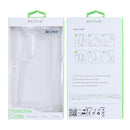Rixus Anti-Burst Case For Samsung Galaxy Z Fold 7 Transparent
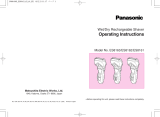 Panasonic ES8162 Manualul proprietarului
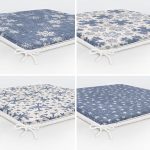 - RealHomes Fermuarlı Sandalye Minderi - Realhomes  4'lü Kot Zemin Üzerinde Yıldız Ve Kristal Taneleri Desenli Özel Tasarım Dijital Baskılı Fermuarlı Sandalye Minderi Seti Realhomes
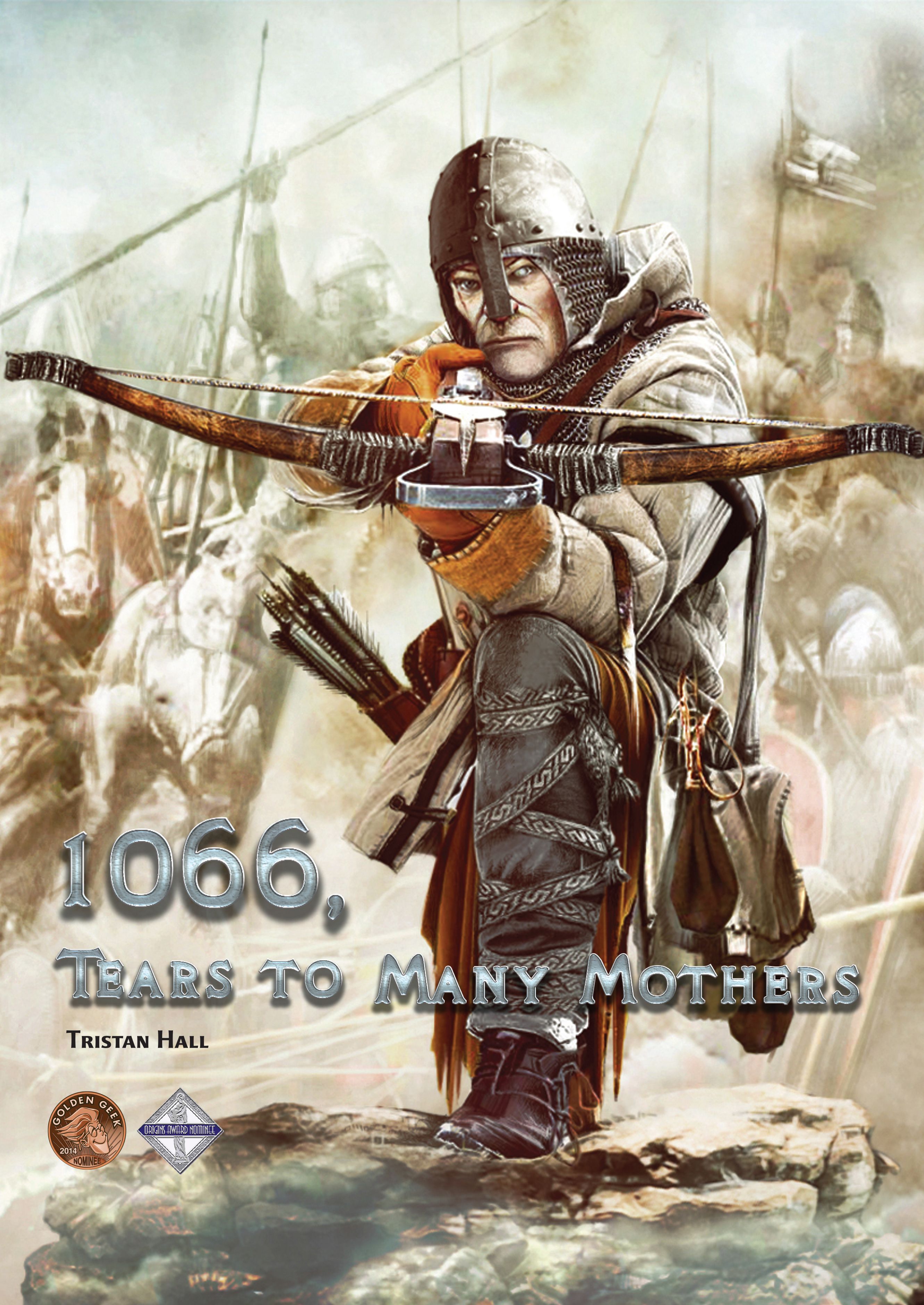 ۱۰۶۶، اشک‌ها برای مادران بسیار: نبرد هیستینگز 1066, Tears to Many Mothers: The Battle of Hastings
....................
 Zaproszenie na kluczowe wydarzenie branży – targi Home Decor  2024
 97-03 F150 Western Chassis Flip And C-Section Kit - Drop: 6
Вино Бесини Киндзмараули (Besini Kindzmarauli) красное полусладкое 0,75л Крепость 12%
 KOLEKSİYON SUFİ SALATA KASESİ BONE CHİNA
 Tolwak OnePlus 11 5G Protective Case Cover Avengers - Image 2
....................
> WHAT IS BEING ASKED
Output exactly the stretch of the listing that begins at the line containing "Rixus Anti-Burst Case" and ends at the line containing "۱۰۶۶، اشک‌ها برای", both kept. Omit pictures and everything else.

> RESPONSE BELOW
Rixus Anti-Burst Case For Samsung Galaxy Z Fold 7 Transparent
 Panasonic ES8162 Manualul proprietarului
 - RealHomes Fermuarlı Sandalye Minderi - Realhomes  4'lü Kot Zemin Üzerinde Yıldız Ve Kristal Taneleri Desenli Özel Tasarım Dijital Baskılı Fermuarlı Sandalye Minderi Seti Realhomes
 ۱۰۶۶، اشک‌ها برای مادران بسیار: نبرد هیستینگز 1066, Tears to Many Mothers: The Battle of Hastings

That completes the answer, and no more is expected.